- [Problem details]: Set down the data below in full and exactly, minus the pictures.

- [Data section]:
|---|
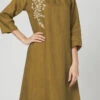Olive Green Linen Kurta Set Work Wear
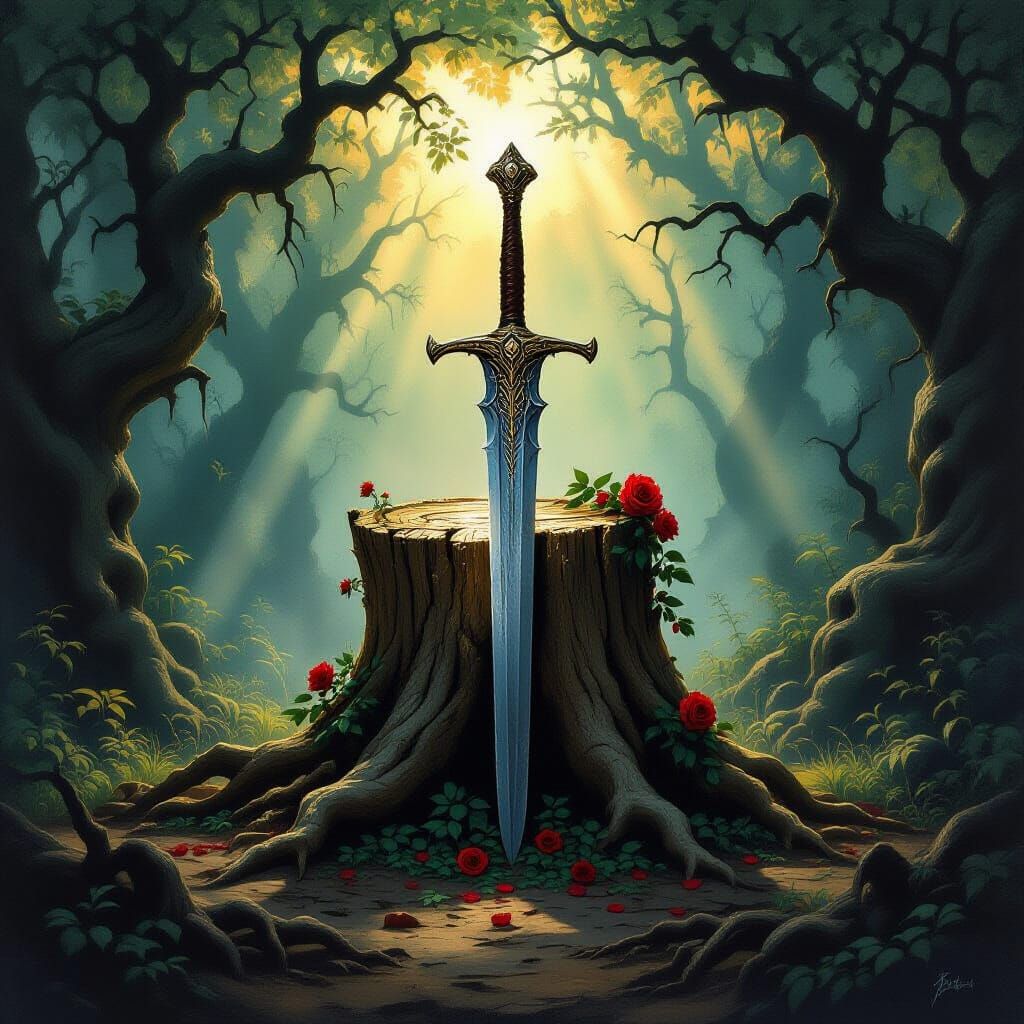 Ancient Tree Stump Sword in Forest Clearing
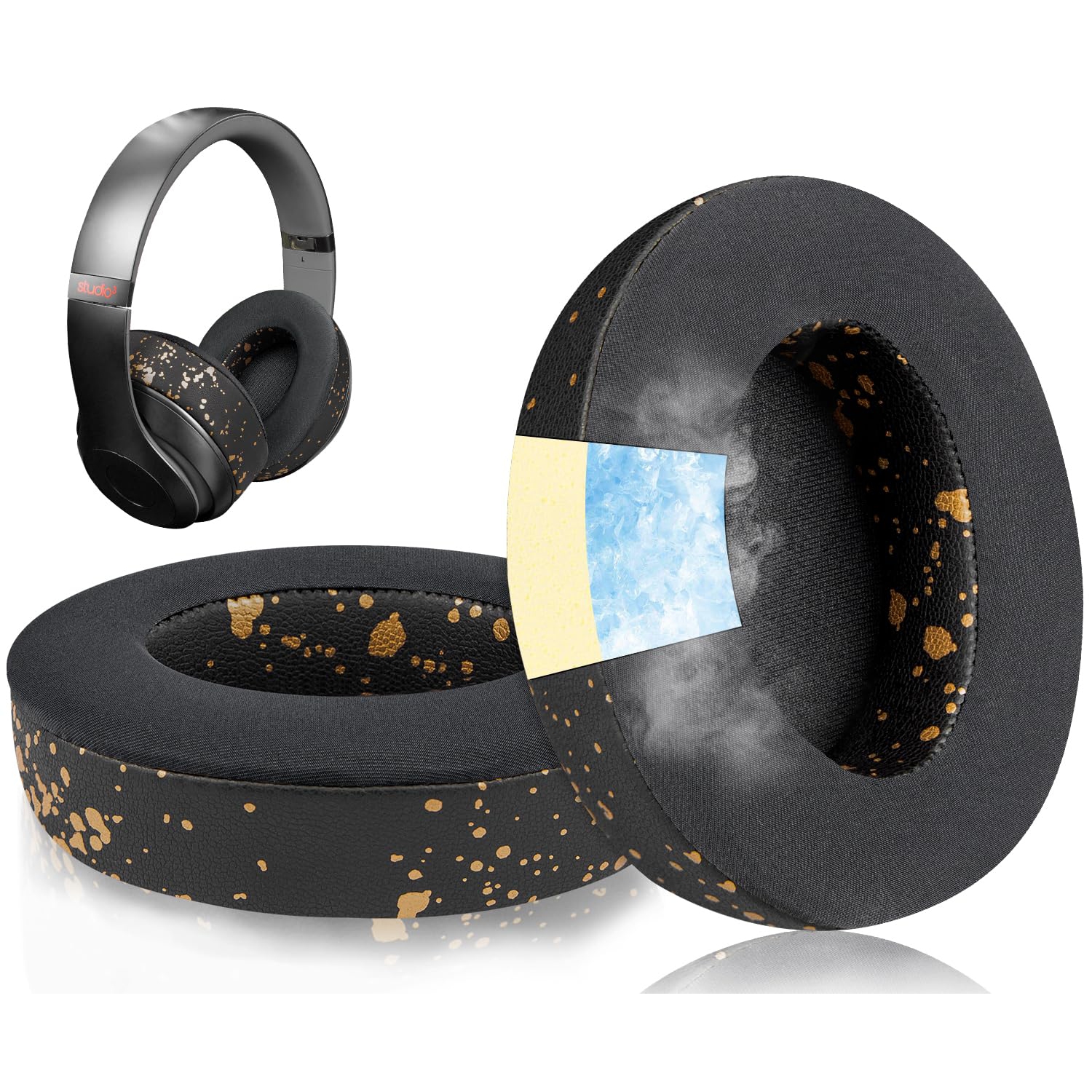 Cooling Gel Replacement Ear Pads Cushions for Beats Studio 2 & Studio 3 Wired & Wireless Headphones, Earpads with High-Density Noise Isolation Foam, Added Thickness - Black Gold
|---|
- [Solution]:
Olive Green Linen Kurta Set Work Wear
 Ancient Tree Stump Sword in Forest Clearing
 Cooling Gel Replacement Ear Pads Cushions for Beats Studio 2 & Studio 3 Wired & Wireless Headphones, Earpads with High-Density Noise Isolation Foam, Added Thickness - Black Gold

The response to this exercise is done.